Du reste, le zikr nous a réussi. Nous avons franchi sans accident la terrible pointe d’Abouféda. Au moment où le jour va finir, nous nous trouvons comme au milieu d’un grand lac fermé de toutes parts, puis le Nil reprend l’aspect d’un fleuve. Nous glissons, poussés par un vent égal et doux : c’est le vent du nord, et cependant son haleine n’a rien de rude ; elle est légère et caressante. Des feux s’allument sur le rivage ; l’un de ces feux semble se diriger vers nous : c’est un petit bateau qui descend le Nil. La barque de nos amis est proche, nous entendons leurs voix. La nuit est déjà venue, et le jour n’est pas tout-à-fait évanoui. Voilà un de ces momens dont on ne saurait exprimer le charme, et qui sont les meilleurs d’un voyage. On goûte une douceur infinie à se laisser vivre, à être porté sur les flots, poussé par la brise. Le sentiment qu’on éprouve n’a pas de forme et pas de nom ; il se concentre dans le cri d’un oiseau, dans l’apparition d’une étoile.
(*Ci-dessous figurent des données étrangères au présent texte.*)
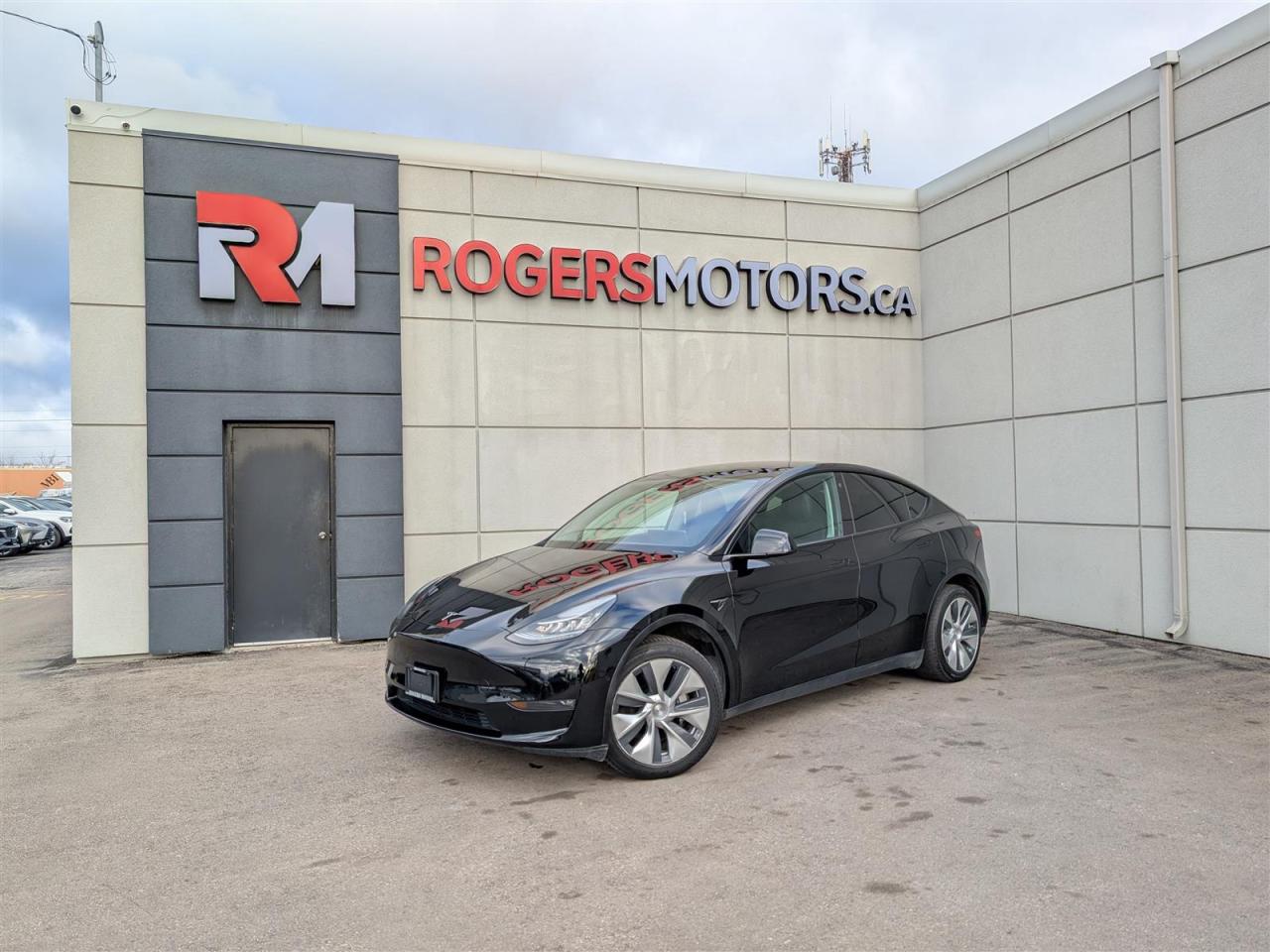 Used 2022 Tesla Model Y LONG RANGE AWD - DUAL MOTOR for sale in Oakville, ON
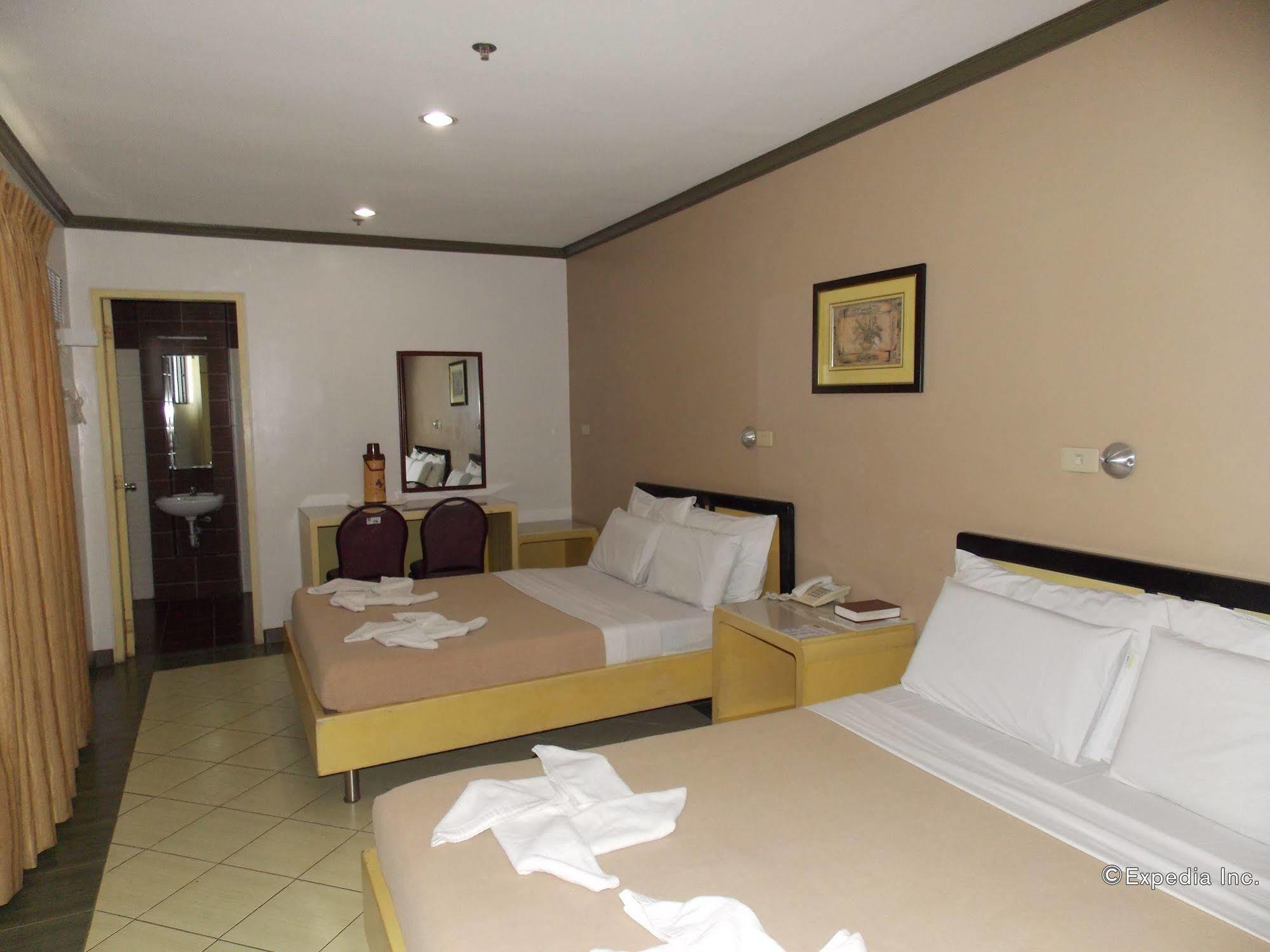 Riverside Inn Babuy Екстериор снимка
La pensée, qui semble assoupie, est légère et rapide comme un oiseau qui planerait en dormant. On se sent loin du monde, et près par le cœur de ceux qu’on aime. J’en étais là de ma rêverie, quand on m’a crié : Manfalout ! Nous passons devant cette ville sans nous y arrêter ; elle n’offre rien de curieux pour nous. Si le vent continue à nous être favorable, nous serons demain matin à Syout, l’antique Lycopolis.


14 janvier.

Ici, au cœur de l’Égypte, on trouve encore un souvenir de la culture grecque d’Alexandrie. Au Ve siècle, un poète alexandrin, un faible imitateur d’Homère, Coluthus, naquit à Syout, qui s’appelait alors Lycopolis. Plotin était aussi de Lycopolis. Aujourd’hui Syout ne donne plus au monde des poètes et des philosophes, mais elle fournit le Caire d’eunuques, dont il existe ici une exécrable manufacture exploitée, hélas ! par des moines coptes qui se disent chrétiens. Le nombre des victimes va, dit-on, jusqu’à trois cents par année.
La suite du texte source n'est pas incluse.